[Stored dataset items]
--------
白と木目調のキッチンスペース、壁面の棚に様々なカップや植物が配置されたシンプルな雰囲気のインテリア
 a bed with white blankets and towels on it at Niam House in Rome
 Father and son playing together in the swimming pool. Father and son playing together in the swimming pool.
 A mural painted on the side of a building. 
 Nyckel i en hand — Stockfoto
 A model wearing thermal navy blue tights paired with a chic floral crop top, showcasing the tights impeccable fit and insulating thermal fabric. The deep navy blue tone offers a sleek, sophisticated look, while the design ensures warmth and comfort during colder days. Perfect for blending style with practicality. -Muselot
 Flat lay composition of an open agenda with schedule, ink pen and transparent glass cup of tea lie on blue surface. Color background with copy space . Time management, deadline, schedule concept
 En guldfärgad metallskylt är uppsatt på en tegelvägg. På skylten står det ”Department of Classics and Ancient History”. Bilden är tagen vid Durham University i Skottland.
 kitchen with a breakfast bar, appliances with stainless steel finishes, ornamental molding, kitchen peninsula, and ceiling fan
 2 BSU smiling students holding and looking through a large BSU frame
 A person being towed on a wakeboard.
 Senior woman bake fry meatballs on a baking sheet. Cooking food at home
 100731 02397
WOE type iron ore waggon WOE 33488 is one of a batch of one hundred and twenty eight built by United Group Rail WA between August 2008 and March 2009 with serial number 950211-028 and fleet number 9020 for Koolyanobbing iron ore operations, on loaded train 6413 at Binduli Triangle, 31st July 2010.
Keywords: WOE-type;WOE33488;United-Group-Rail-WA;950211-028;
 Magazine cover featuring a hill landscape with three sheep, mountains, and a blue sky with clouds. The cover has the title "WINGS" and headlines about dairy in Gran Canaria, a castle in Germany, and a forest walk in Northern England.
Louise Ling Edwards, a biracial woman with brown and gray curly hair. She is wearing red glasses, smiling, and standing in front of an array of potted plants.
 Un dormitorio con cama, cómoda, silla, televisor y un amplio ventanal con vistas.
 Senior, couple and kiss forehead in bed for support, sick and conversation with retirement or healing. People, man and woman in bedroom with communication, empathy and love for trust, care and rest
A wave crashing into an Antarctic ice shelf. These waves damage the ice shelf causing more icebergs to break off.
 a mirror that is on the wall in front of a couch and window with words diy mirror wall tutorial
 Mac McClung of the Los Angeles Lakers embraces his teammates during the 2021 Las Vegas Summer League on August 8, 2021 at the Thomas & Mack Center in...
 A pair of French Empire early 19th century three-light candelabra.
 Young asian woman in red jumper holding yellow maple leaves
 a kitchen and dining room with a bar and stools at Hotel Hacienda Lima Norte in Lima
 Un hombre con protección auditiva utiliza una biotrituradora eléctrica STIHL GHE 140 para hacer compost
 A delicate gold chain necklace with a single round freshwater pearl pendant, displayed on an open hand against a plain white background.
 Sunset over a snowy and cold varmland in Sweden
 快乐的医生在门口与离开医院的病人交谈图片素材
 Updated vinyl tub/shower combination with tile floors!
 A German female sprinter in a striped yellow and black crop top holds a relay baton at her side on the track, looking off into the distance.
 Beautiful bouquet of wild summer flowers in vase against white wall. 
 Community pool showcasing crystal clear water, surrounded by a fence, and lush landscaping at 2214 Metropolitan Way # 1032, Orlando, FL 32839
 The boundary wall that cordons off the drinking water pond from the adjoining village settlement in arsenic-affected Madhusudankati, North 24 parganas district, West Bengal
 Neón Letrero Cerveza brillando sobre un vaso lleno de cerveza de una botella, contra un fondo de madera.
--------
• **WHAT NEEDS TO BE DONE**:
I'd like an exact copy of the lines above, from the very first one through the line that contains "Nyckel i en hand — Stockfoto", with nothing else added.

• **OUTPUT**:
白と木目調のキッチンスペース、壁面の棚に様々なカップや植物が配置されたシンプルな雰囲気のインテリア
 a bed with white blankets and towels on it at Niam House in Rome
 Father and son playing together in the swimming pool. Father and son playing together in the swimming pool.
 A mural painted on the side of a building. 
 Nyckel i en hand — Stockfoto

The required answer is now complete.